Monday, October 23rd, 3:30pm, Harold Frank Hall (HFH) room 1132

Speaker: Parikshit Gopalan (Apple)

Title: Loss Minimization and Multi-group Fairness

Abstract: Training a predictor to minimize a loss function fixed in advance is the dominant paradigm in machine learning. However, loss minimization by itself might not guarantee desiderata like fairness and accuracy that one could reasonably expect from a predictor. In contrast, various group-fairness notions have been proposed that constrain the predictor to share certain statistical properties of the data, even when conditioned on a rich family of subgroups. There is no explicit attempt at loss minimization.
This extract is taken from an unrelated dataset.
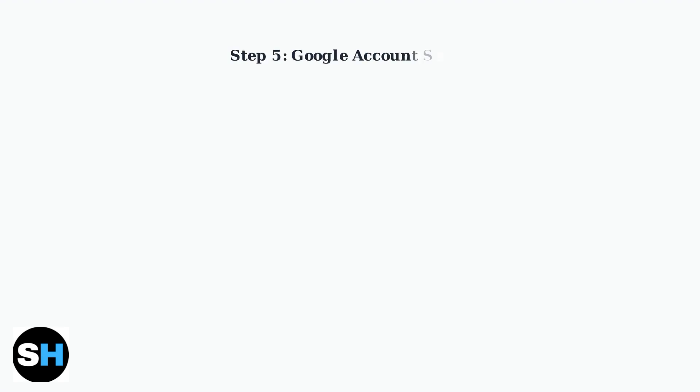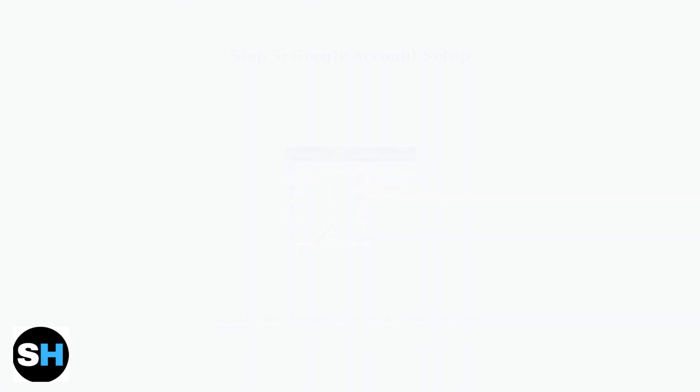Adding a Google account is essential for accessing the Google Play Store, Drive, and other Google services. You can either sign in with an existing account or create a new one.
In this talk, we will explore some recently discovered connections between loss minimization and notions of multi-group fairness. We will see settings where one can lead to the other, and other settings where this is unlikely.

Bio: Parikshit Gopalan is a machine learning researcher at Apple. His current interests center on fairness and trust in machine learning. In the past, he has made important contributions to erasure coding for distributed storage, coding theory and computational complexity. His work has been awarded the 2014 Joint IEEE Communication Society & Information Theory Society Paper Prize, the 2013 Microsoft TCN Storage Technical Award and the best paper award for the 2012 USENIX Advanced Technology Conference. In the past, he has been a researcher at VMware, Microsoft Research (Silicon valley and Redmond), a postdoc at the University of Washington and UT Austin, a graduate student at Georgia Tech and an undergraduate at IIT Bombay.